The blood exploded out of him. It gushed over his hand, curtained down his chest, pooled around his feet. He remained standing with a look on his face that still gives me nightmares to this day. I would say he was gleeful, triumphant. Then he collapsed, his entire body twitching spastically as more blood spread around him.
I didn’t see any more. Hawthorne had grabbed hold of the wheelchair and spun me away. At the same time, I heard the comforting wail of sirens as police cars approached, somewhere high above.
‘What are you doing here? Jesus Christ!’
Hawthorne crouched beside me, staring wide-eyed at the two scalpels, wondering why I wasn’t getting to my feet. And I can honestly say that Watson had never looked up to Sherlock Holmes nor Hastings admired Poirot more than I loved Hawthorne right then and my last thought before I passed out was how lucky I was to have him on my side.
Twenty-three
Visiting Hours
In retrospect, it’s a pity that I decided to write all this in the first person as it will have been obvious all along that I wasn’t going to die. It’s a literary convention that the first-person narrator can’t be killed although it’s true that one of my favourite films, Sunset Boulevard, breaks all the rules with its opening shot and there are one or two novels, The Lovely Bones for example, that do the same. I wish there had been some way to disguise the fact that I would make it through to this chapter and wake up in the A&E Unit of Charing Cross Hospital, just a short way down the Fulham Palace Road, but I’m afraid I couldn’t think of one. So much for suspense!

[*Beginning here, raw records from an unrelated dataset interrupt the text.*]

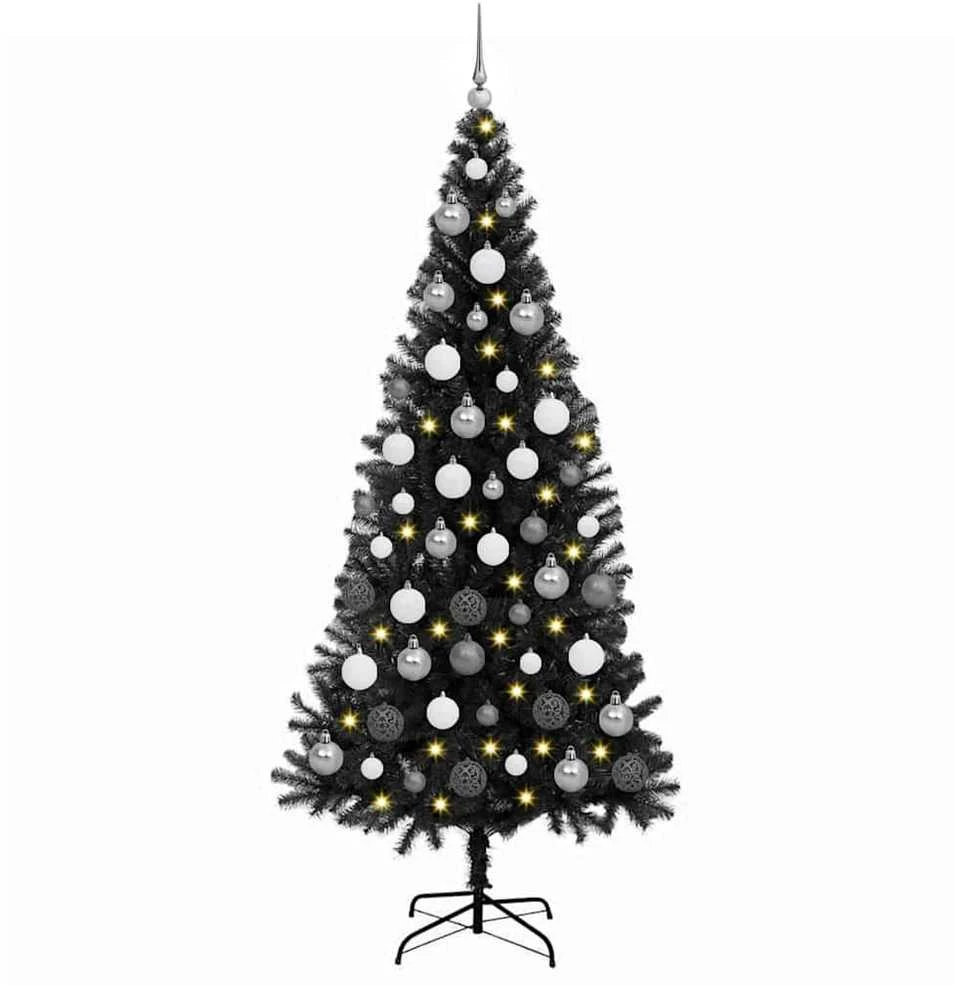 Kalėdų eglutė Juoda 180 cm PVC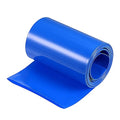 MECCANIXITY Battery Wrap PVC Heat Shrink Tubing 48mm Dia 75mm Flat 10 Feet(3meters) Blue Good Insulation for Battery Pack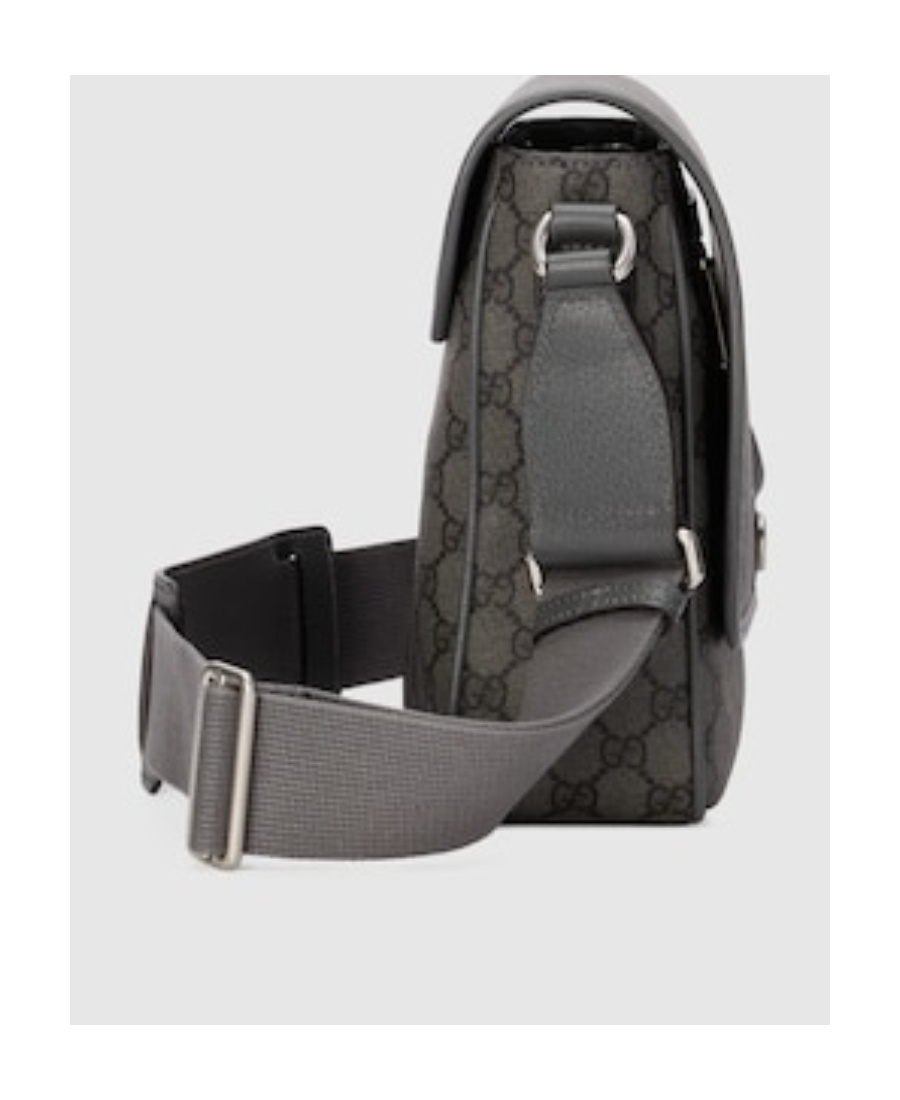 Gucci Ophidia Gg Supreme Canvas Messenger Bag In Black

I’m a little embarrassed that I had managed to pass out a second time during the course of a single investigation but the doctor assured me it was more to do with the drug I had been given than my own faint-heartedness. This turned out to be Rohypnol, the date-rape drug no less. We would never discover where Cornwallis had managed to get it from – although his wife, Barbara, was a pharmacist so perhaps he had got it through her. I never found out what happened to her and her children, by the way. It can’t have been much fun discovering that she had been married to a psychopath.